Sleep and CBD

Testing some great CBD brands and their effects on REM and deep sleep.

Sleep and CBD

I’m very excited about this post, mostly for my own interests. For the past couple months I’ve been experimenting with various sleep interventions — longer post coming on why this was necessary. So far, CBD has been one of the most effective measures I’ve found. Since (good) CBD isn’t cheap I extended this trial to 14 days each instead of 7. Notice too that the dosing seems to make a difference, particularly that more isn’t necessarily better. The tinctures did have slightly different concentrations, but were generally comparable to each other.

Let’s take a look at the initial 7-day (n-7) data:

Notably here, we see that the gummies (which were a higher dose) were not necessarily better.

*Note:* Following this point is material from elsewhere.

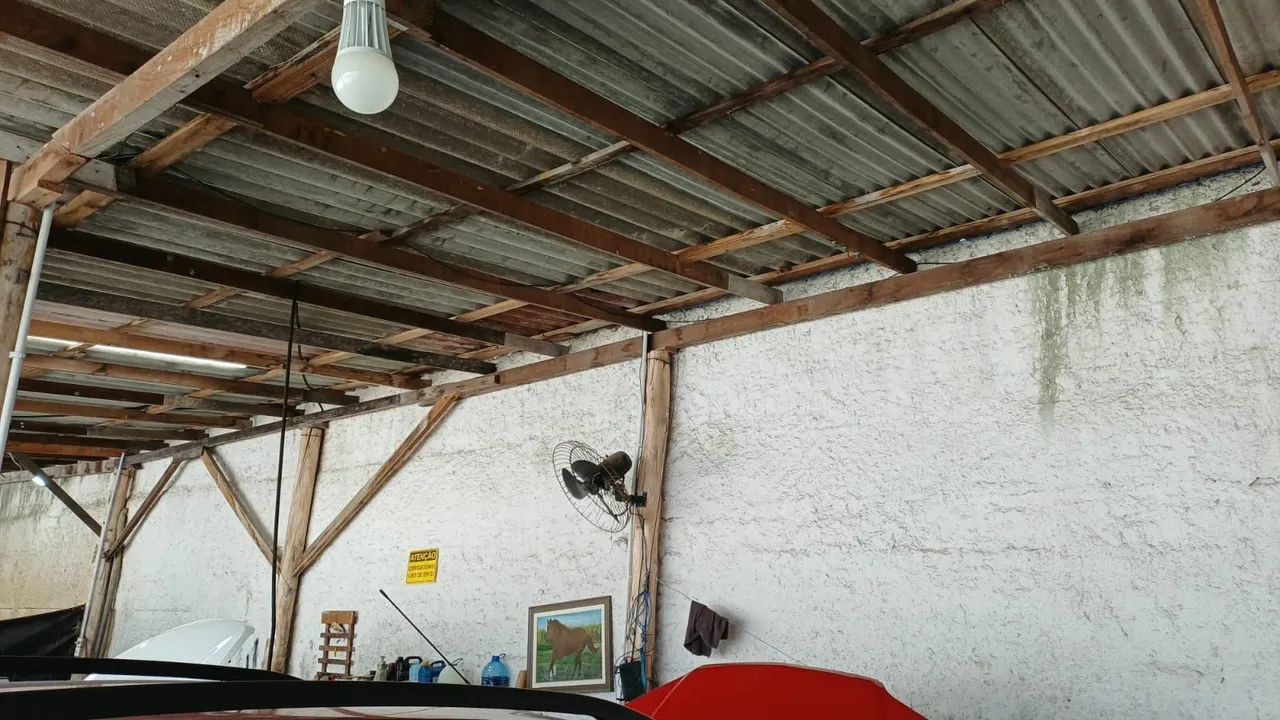 Vendo estrutura de madeira  - Foto 2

A few other things also stick out to me:

  • Mana’s product had a huge boost (22%) to deep sleep, but actually showed a detriment to REM sleep.
  • RE’s product had a similarly huge benefit (21%) to HRV
  • All products tested had a notable benefit (~15% or more) to deep sleep.

When I extended the trail to 14 days (tinctures only) we saw a slight decrease in the benefit to deep sleep overall, though Mana continued and actually extended it’s lead here!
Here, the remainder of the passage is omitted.